What to do -
Scan the entries that follow and copy out every line containing "room".

Information shown -
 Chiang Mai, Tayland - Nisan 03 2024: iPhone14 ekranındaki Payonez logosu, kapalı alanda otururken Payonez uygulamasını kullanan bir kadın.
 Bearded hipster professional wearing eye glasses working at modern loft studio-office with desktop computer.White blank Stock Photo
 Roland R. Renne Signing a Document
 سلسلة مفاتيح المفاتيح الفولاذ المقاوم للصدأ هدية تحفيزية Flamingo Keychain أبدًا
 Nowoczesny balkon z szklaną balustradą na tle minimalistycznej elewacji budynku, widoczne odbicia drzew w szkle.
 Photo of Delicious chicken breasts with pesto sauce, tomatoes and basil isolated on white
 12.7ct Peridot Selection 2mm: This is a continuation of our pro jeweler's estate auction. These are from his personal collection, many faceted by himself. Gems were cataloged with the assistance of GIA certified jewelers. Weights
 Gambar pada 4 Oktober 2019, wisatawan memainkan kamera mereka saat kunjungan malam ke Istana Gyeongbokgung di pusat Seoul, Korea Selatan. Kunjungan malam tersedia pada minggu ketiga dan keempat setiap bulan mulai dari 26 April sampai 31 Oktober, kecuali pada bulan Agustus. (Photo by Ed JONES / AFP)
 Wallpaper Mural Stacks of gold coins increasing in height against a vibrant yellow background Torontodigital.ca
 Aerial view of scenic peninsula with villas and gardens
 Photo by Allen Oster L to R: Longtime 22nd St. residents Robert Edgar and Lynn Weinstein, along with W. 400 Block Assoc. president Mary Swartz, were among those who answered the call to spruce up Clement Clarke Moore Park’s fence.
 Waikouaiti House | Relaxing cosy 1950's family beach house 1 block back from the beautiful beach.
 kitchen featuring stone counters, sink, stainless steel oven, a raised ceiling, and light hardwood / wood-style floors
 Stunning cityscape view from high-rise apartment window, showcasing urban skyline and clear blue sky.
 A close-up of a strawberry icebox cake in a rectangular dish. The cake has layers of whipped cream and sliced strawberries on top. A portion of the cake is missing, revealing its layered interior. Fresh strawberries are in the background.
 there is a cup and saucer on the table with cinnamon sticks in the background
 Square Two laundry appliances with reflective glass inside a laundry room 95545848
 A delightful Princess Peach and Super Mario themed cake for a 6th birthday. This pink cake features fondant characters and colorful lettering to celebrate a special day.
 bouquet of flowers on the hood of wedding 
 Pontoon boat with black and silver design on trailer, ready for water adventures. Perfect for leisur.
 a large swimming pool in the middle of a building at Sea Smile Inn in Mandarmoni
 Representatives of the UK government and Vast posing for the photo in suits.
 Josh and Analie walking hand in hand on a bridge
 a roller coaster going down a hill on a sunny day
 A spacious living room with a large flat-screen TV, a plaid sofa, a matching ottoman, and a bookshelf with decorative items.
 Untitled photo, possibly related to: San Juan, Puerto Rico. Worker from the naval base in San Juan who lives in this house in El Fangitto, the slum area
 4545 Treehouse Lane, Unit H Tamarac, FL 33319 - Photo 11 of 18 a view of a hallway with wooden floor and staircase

Solution to this problem -
 Square Two laundry appliances with reflective glass inside a laundry room 95545848
 A spacious living room with a large flat-screen TV, a plaid sofa, a matching ottoman, and a bookshelf with decorative items.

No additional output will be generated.